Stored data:

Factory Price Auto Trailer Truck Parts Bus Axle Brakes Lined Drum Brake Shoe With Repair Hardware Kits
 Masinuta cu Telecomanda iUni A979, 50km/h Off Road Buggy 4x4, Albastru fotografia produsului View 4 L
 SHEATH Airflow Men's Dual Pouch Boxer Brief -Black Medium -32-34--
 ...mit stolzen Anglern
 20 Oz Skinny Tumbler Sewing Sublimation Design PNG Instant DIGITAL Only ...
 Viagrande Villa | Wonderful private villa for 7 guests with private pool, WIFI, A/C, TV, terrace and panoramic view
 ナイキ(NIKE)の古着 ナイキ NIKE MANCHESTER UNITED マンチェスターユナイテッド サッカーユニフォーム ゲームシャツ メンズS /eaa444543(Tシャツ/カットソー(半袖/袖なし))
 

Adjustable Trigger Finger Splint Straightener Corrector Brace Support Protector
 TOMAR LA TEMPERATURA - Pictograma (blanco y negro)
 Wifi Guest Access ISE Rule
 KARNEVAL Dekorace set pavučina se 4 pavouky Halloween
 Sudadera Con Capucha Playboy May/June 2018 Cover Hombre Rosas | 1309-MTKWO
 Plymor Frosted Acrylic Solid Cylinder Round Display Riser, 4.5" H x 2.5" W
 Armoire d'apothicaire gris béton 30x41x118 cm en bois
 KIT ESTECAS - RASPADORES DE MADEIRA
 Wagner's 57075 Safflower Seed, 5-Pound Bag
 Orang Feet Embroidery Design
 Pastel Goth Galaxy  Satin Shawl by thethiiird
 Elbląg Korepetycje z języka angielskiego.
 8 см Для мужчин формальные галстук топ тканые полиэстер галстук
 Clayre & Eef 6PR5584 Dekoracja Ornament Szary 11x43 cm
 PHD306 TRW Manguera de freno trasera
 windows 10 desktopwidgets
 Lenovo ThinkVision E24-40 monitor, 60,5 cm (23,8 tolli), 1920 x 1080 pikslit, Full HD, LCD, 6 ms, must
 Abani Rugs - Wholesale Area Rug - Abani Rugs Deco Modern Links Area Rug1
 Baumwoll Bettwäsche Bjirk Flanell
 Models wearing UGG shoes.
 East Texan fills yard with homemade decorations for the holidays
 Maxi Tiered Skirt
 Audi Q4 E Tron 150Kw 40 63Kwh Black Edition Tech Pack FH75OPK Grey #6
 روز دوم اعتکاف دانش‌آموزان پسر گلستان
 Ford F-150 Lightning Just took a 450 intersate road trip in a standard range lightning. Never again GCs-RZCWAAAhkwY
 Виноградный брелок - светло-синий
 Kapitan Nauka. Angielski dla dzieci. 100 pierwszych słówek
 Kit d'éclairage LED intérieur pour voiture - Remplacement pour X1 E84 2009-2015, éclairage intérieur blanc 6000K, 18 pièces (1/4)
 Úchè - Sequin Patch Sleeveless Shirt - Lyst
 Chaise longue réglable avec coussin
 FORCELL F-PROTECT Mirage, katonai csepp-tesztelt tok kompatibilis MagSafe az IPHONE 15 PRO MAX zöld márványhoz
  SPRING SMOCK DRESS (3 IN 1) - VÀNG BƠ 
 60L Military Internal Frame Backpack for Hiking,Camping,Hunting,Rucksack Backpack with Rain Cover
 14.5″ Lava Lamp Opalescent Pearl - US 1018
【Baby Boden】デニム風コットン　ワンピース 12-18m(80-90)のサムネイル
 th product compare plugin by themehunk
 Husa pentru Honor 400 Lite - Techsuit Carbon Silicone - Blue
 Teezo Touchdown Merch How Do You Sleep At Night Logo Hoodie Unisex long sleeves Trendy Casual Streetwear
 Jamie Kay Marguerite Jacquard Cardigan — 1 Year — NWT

- _YOUR OBJECTIVE_: Going back over the entries above, copy word for word every line from the one that has "Wagner's 57075 Safflower Seed, 5-Pound Bag" on through the one that has "8 см Для мужчин".

- _TASK RESULT_:
 Wagner's 57075 Safflower Seed, 5-Pound Bag
 Orang Feet Embroidery Design
 Pastel Goth Galaxy  Satin Shawl by thethiiird
 Elbląg Korepetycje z języka angielskiego.
 8 см Для мужчин формальные галстук топ тканые полиэстер галстук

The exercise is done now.